BRIEF: Take the line containing "Gritty Hart Sticker (Voorkant)" and every line below it through the end of the entries, and output them verbatim, pictures excluded.

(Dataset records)
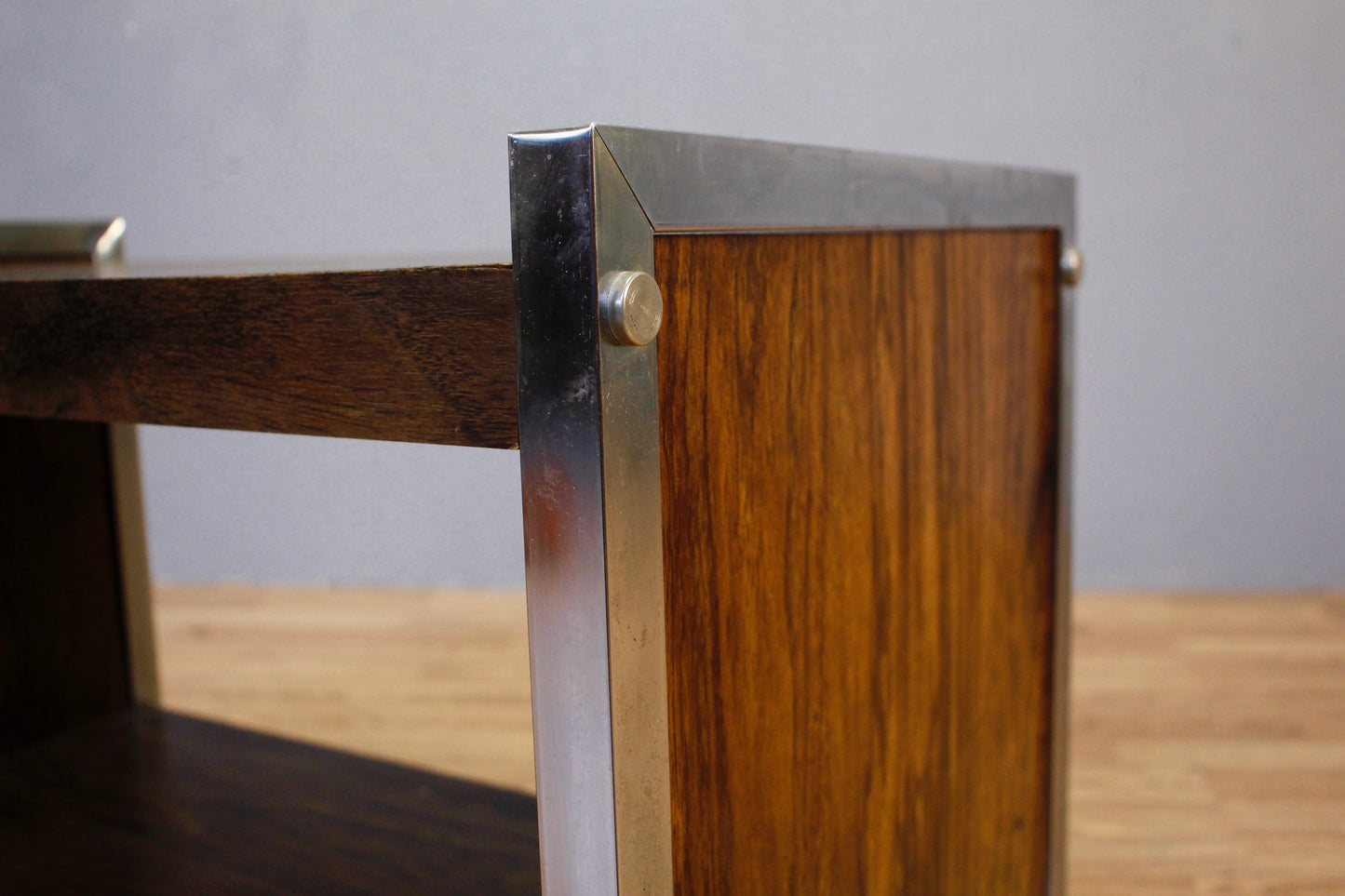 Laminate & Chrome 2-Tier Cart
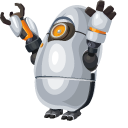 Fall Guys P-Body Costume pointer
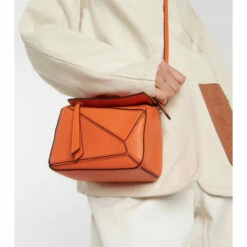 Loewe Puzzle Mini Leather Shoulder Bag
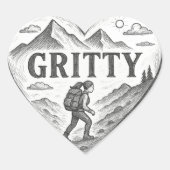 Gritty Hart Sticker (Voorkant)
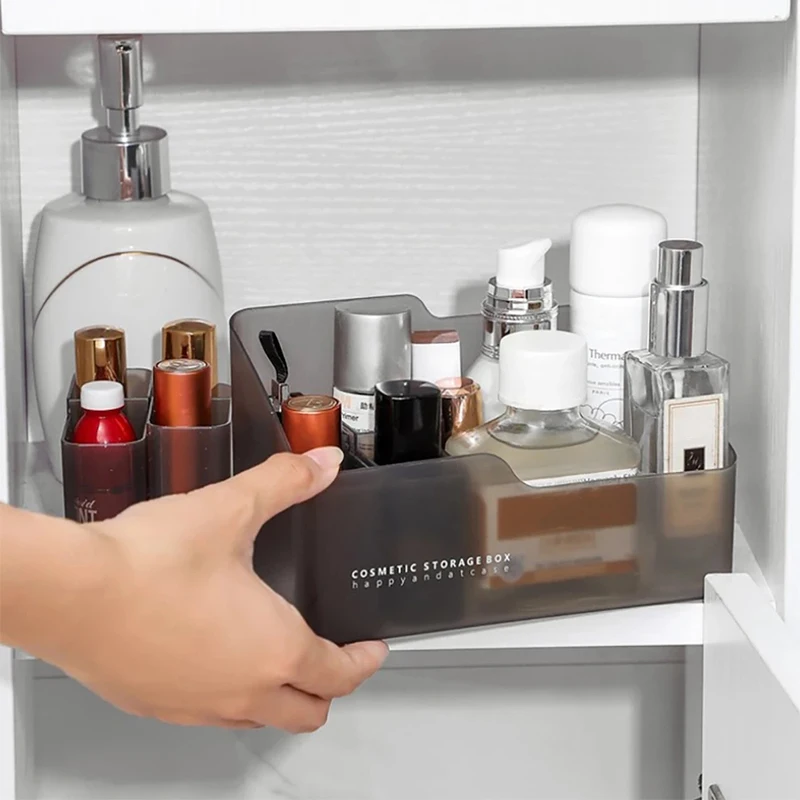 1-Cosmetic Storage Box Skincare Cosmetic Organizer For Bathroom Makeup Brush Holder Makeup Organizer 4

EXERCISE ANSWER:
 Gritty Hart Sticker (Voorkant)
 1-Cosmetic Storage Box Skincare Cosmetic Organizer For Bathroom Makeup Brush Holder Makeup Organizer 4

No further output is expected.